It stops consistently at 2902 documents, but when I disabled fetching of
the email body it went beyond this. Strange error indeed. I’m going to
continue trying to figure out what’s going on.

Any chance you could reenable the cFerret svn repository on your server?
Tried to download per instructions but received connection refused.

Thanks for your help!

John

Any chance you could reenable the cFerret svn repository on your server?
Tried to download per instructions but received connection refused.

done

John, I am very interested in the Ruby-Ferret IMAP search tool. Did you
already manage to index 2Gb of emails? Are you willing to share your
code so I can also search thru my email? It’s not yet 2Gb but keeps on
growing :slight_smile:

Joost

David B. wrote:

Any chance you could reenable the cFerret svn repository on your server?
Tried to download per instructions but received connection refused.

David,

Thanks.

Btw, I’m very interested in still understanding what’s causing my
current problem. I’d like to take a stab at it myself, but would ask for
a pointer on getting started. What approach would you take in tracking
this problem down? I thought about running the script in the debugger
but man, the added overhead would’ve caused it to run forever.
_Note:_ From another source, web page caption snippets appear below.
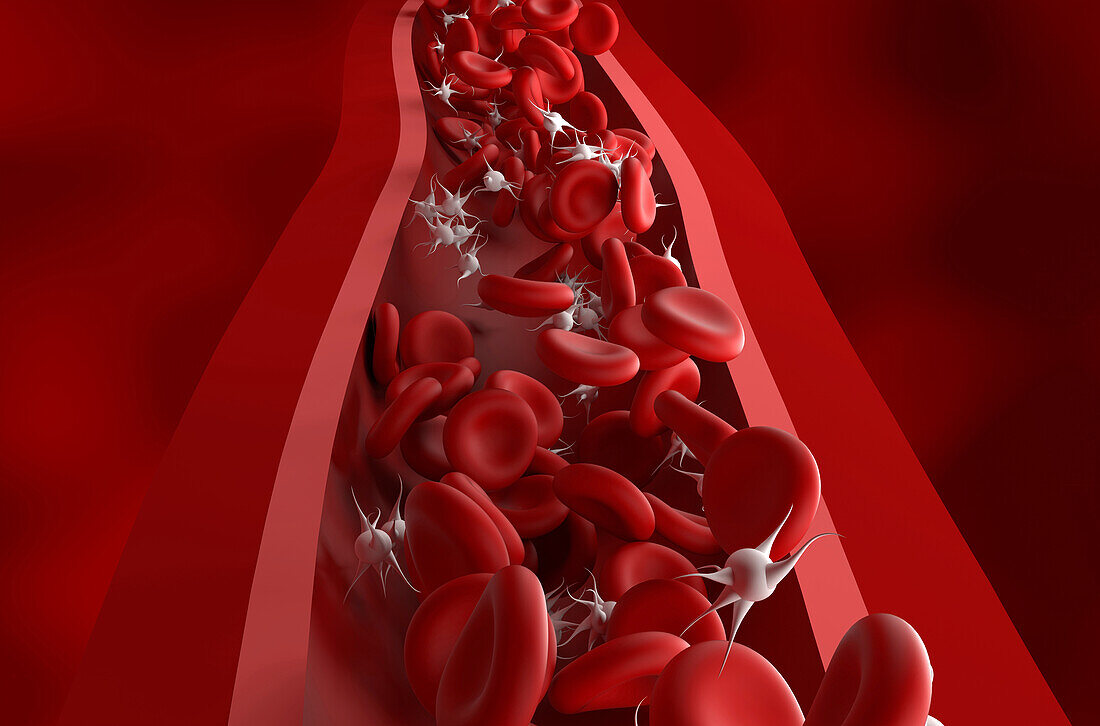 Red blood cells and platelets, illustration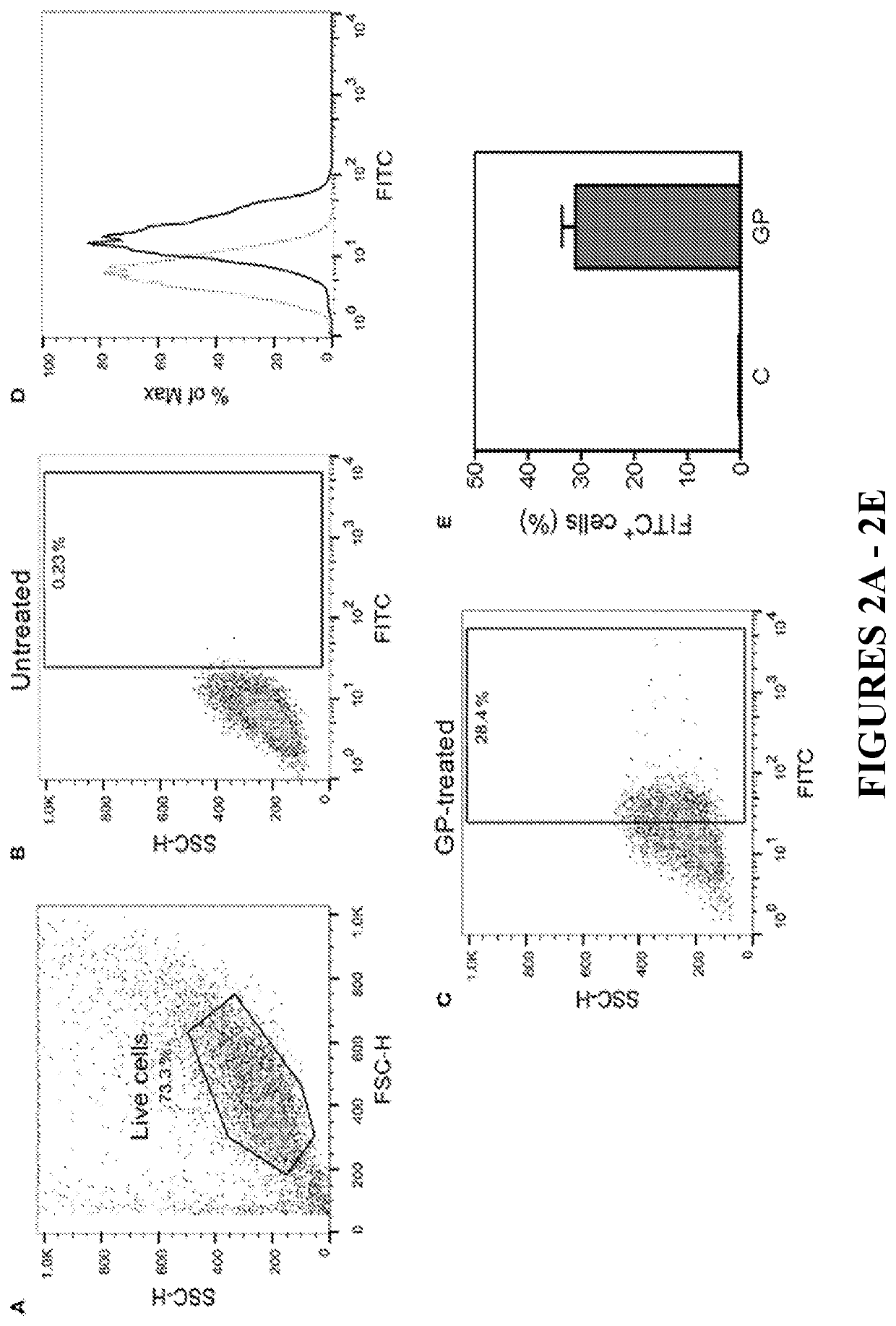 Immune activation triggered by filovirus proteins and polypeptides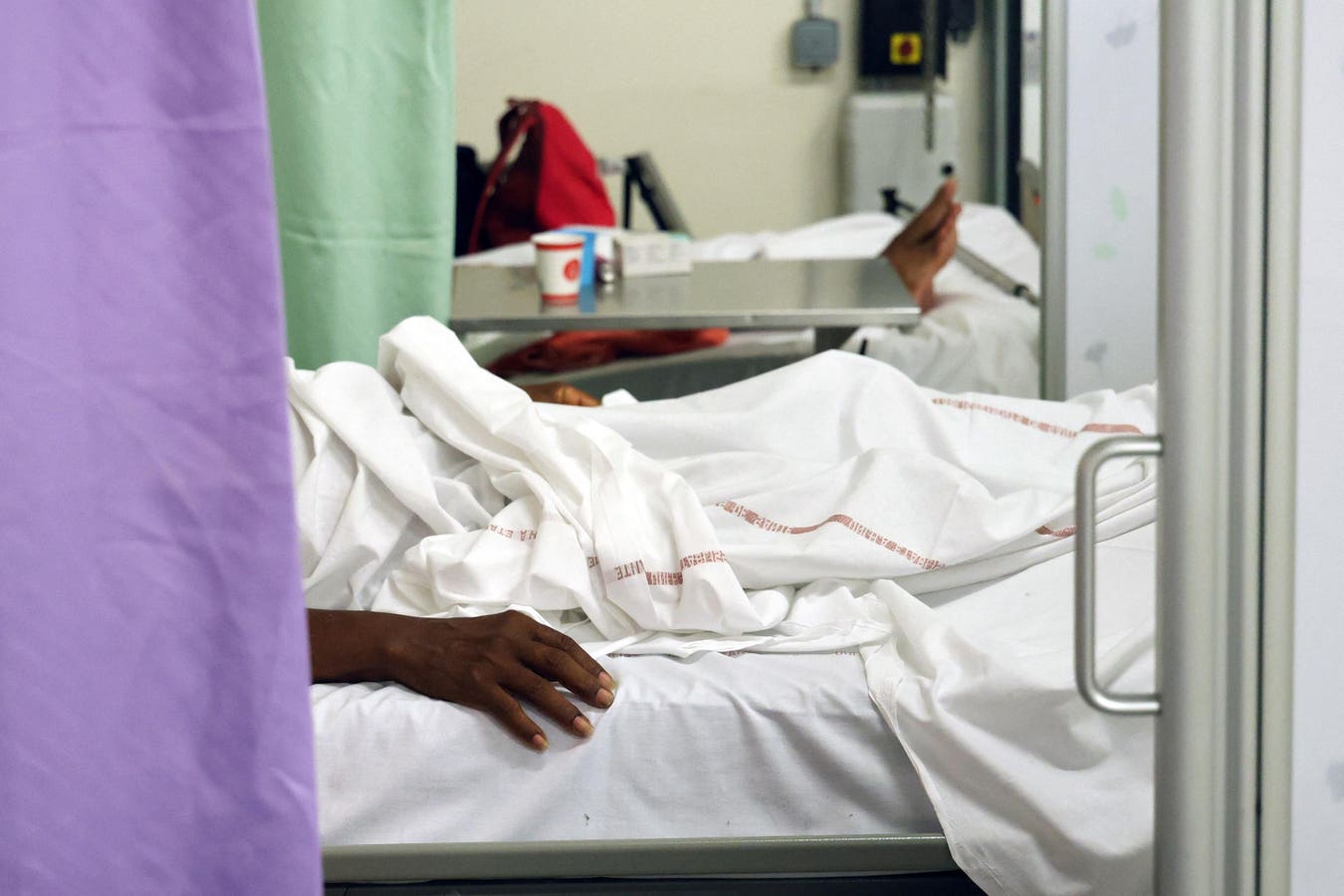 First Locally-Acquired Case Of Chikungunya Virus Reported In New York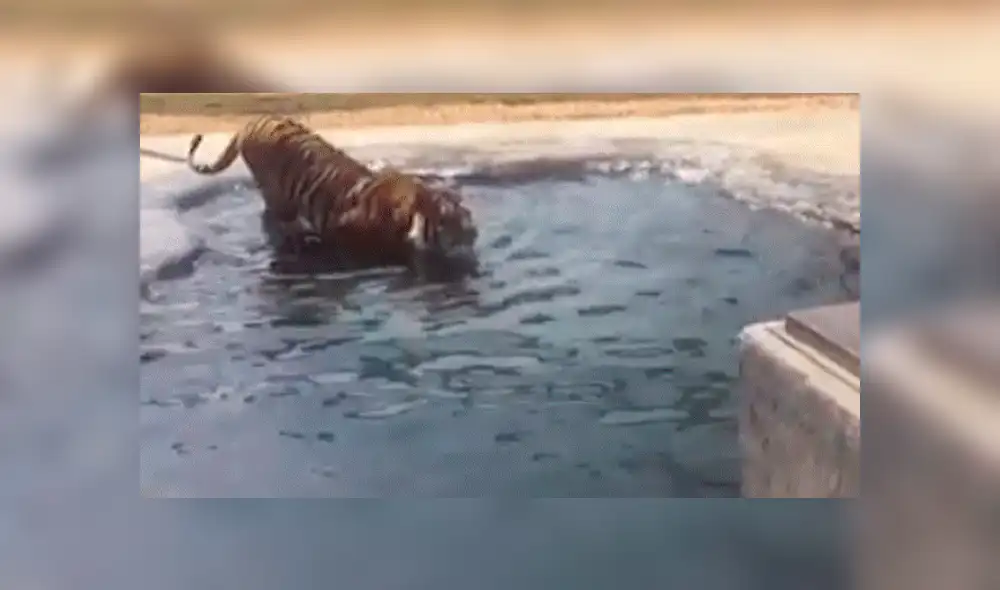 Facebook viral: Turista se acerca mucho a jaula de peligroso tigre y este reacciona así [VIDEO]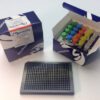 Rabbit IgG TRF-PINCER® Assay Kit, 384-well format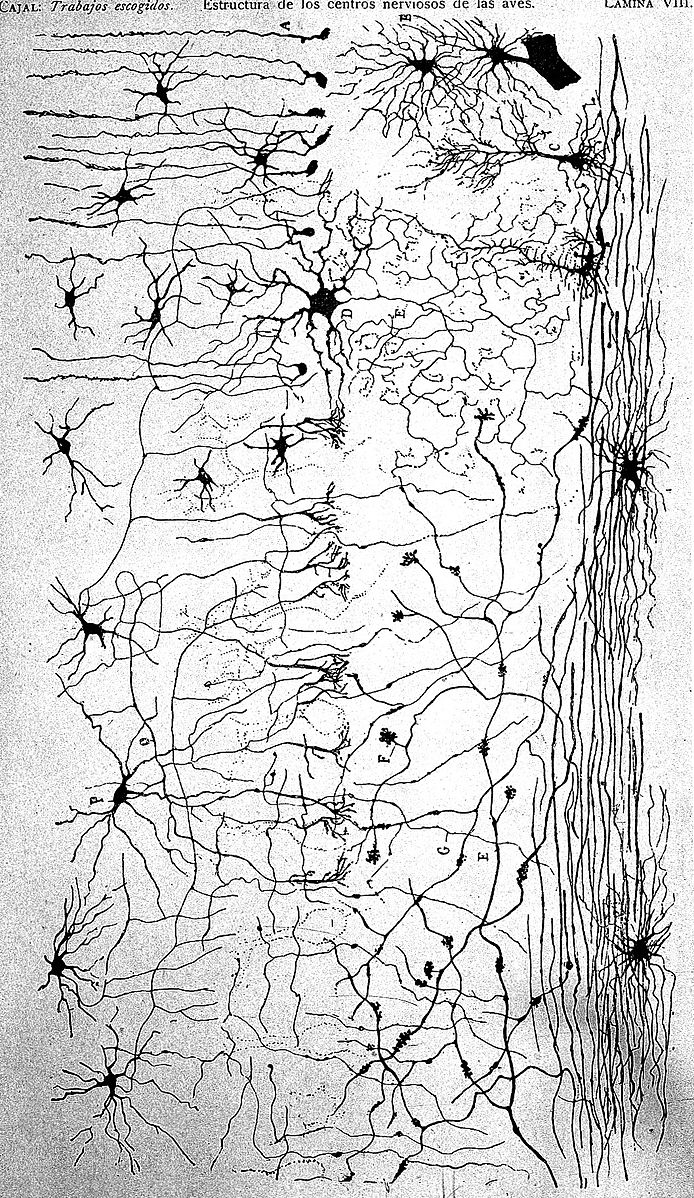 A black and white image of Ramón y Cajal's drawing of brain cells.
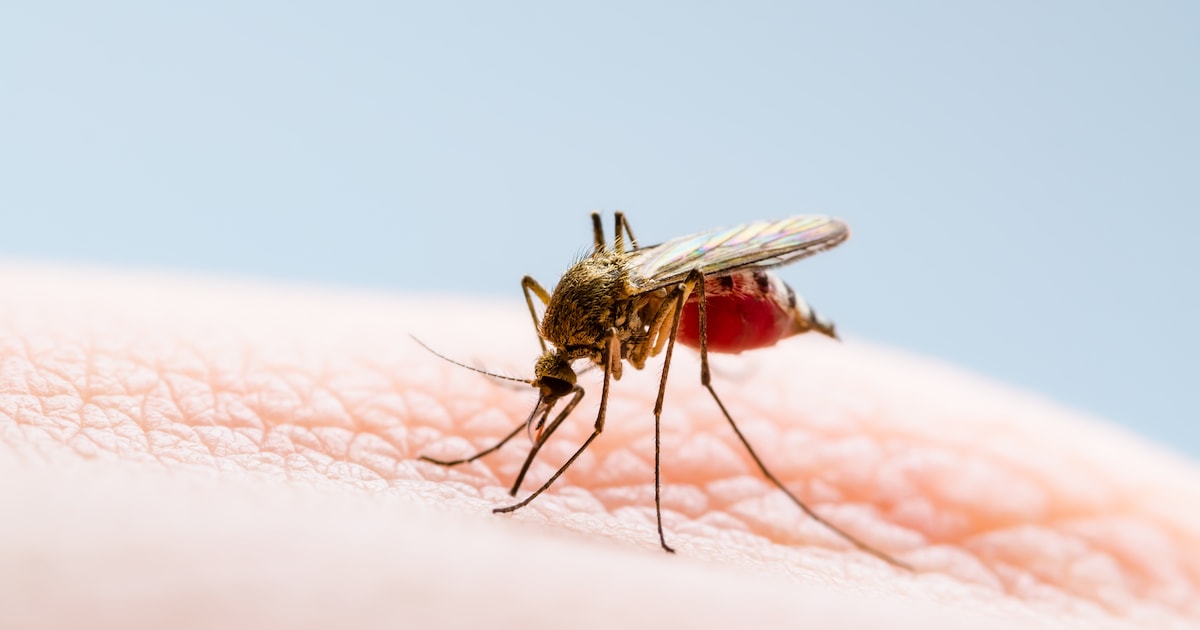 Nederland telt 18 besmettingen met westnijlvirus bij mensen, in België voorlopig alleen dieren besme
Any debug logging I can enable in ferret? Anything else you could
suggest?

Thanks for the great work and the help!

John

Joost wrote:

John, I am very interested in the Ruby-Ferret IMAP search tool. Did you
already manage to index 2Gb of emails? Are you willing to share your
code so I can also search thru my email? It’s not yet 2Gb but keeps on
growing :slight_smile:

Hi Joost,

Well, it’s certainly not perfect code…more of a dirty hack to try it
out. And, as noted, if I try to index the body it doesn’t fair very
well.

That said, I’d be happy to share it. I’ll post it later tonight when I
have access to it.

Thanks,
John

Ok…it’s neither pretty nor clean nor idiomatic Ruby (I’m a nuby ;),
but as a dirty hack it works (unless you fetch the body…that is).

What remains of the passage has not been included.